From the Research
Tapering off risperidone 1mg twice daily should be done gradually under medical supervision, with a recommended reduction of one quarter of the most recent dose every 3-6 months, to minimize withdrawal symptoms and prevent relapse of the condition being treated. This approach is supported by the most recent and highest quality study, which suggests that a hyperbolic tapering method can reduce the risk of relapse by allowing underlying adaptations time to resolve 1.
Key Considerations
- The tapering process should be individualized, taking into account the patient's tolerance and medical history.
- Monitoring for withdrawal symptoms such as insomnia, anxiety, agitation, or return of original symptoms is crucial during the tapering process.
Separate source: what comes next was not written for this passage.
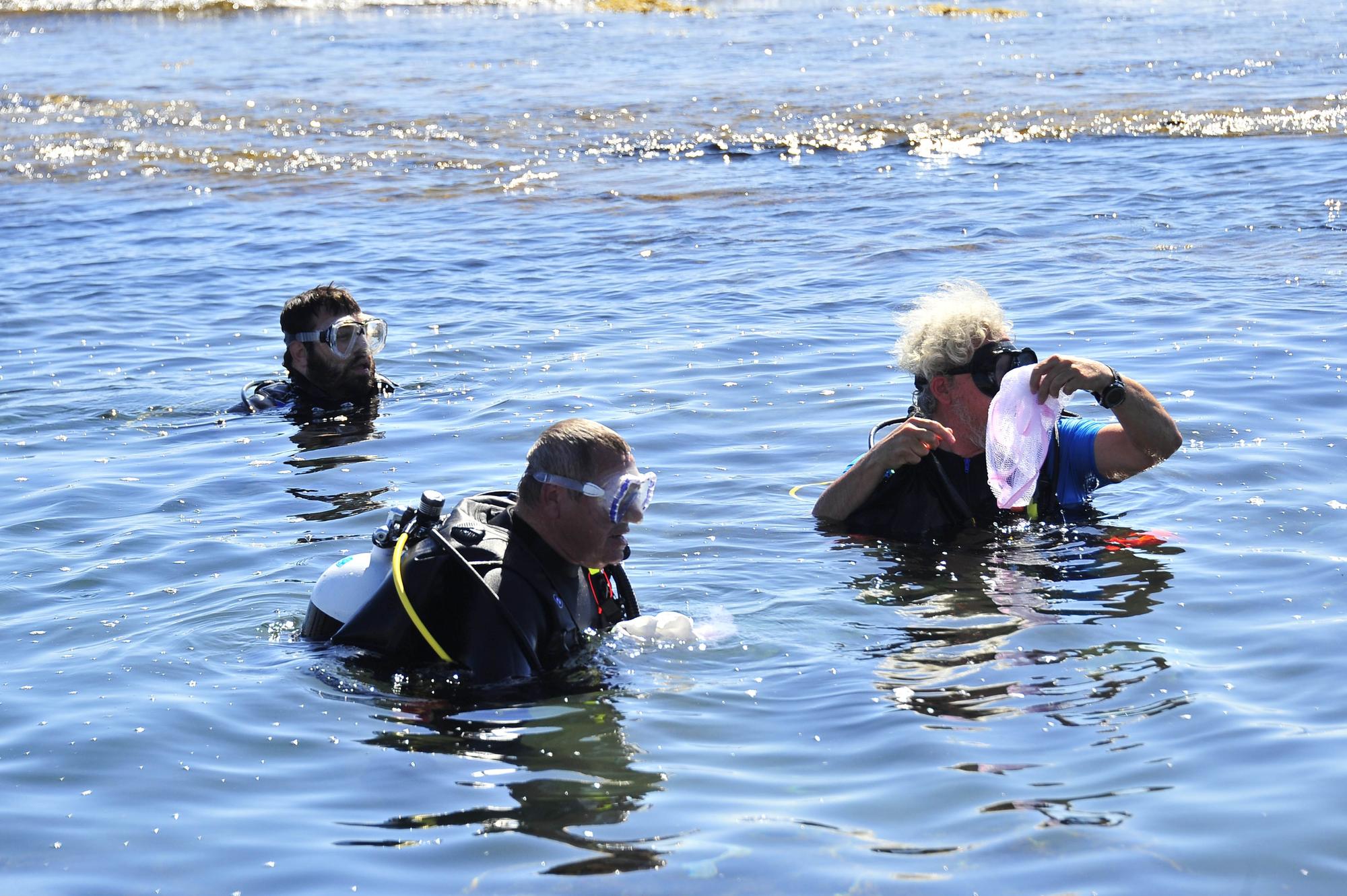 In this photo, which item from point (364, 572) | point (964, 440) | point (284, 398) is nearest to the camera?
point (364, 572)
- The gradual reduction allows the brain to adjust to decreasing levels of the medication, as risperidone affects dopamine and serotonin receptors that the brain has adapted to over time.
- Never stop risperidone abruptly, as this can lead to uncomfortable withdrawal effects and potential symptom rebound.
Tapering Schedule
- Start by reducing the dose by one quarter of the most recent dose (e.g., from 1mg twice daily to 0.75mg twice daily) every 3-6 months.
- Continue to reduce the dose by one quarter of the most recent dose every 3-6 months, until the final dose is as small as 1/40th of the therapeutic dose.
- If significant difficulties are experienced during the taper, the doctor may adjust the schedule to make it more gradual or temporarily pause at a certain dose until side effects subside.
Importance of Medical Supervision
- Tapering off risperidone should only be done under the guidance of a medical professional, as they can monitor the patient's progress and adjust the tapering schedule as needed.
- Medical supervision can help minimize the risk of relapse and ensure a safe and successful tapering process.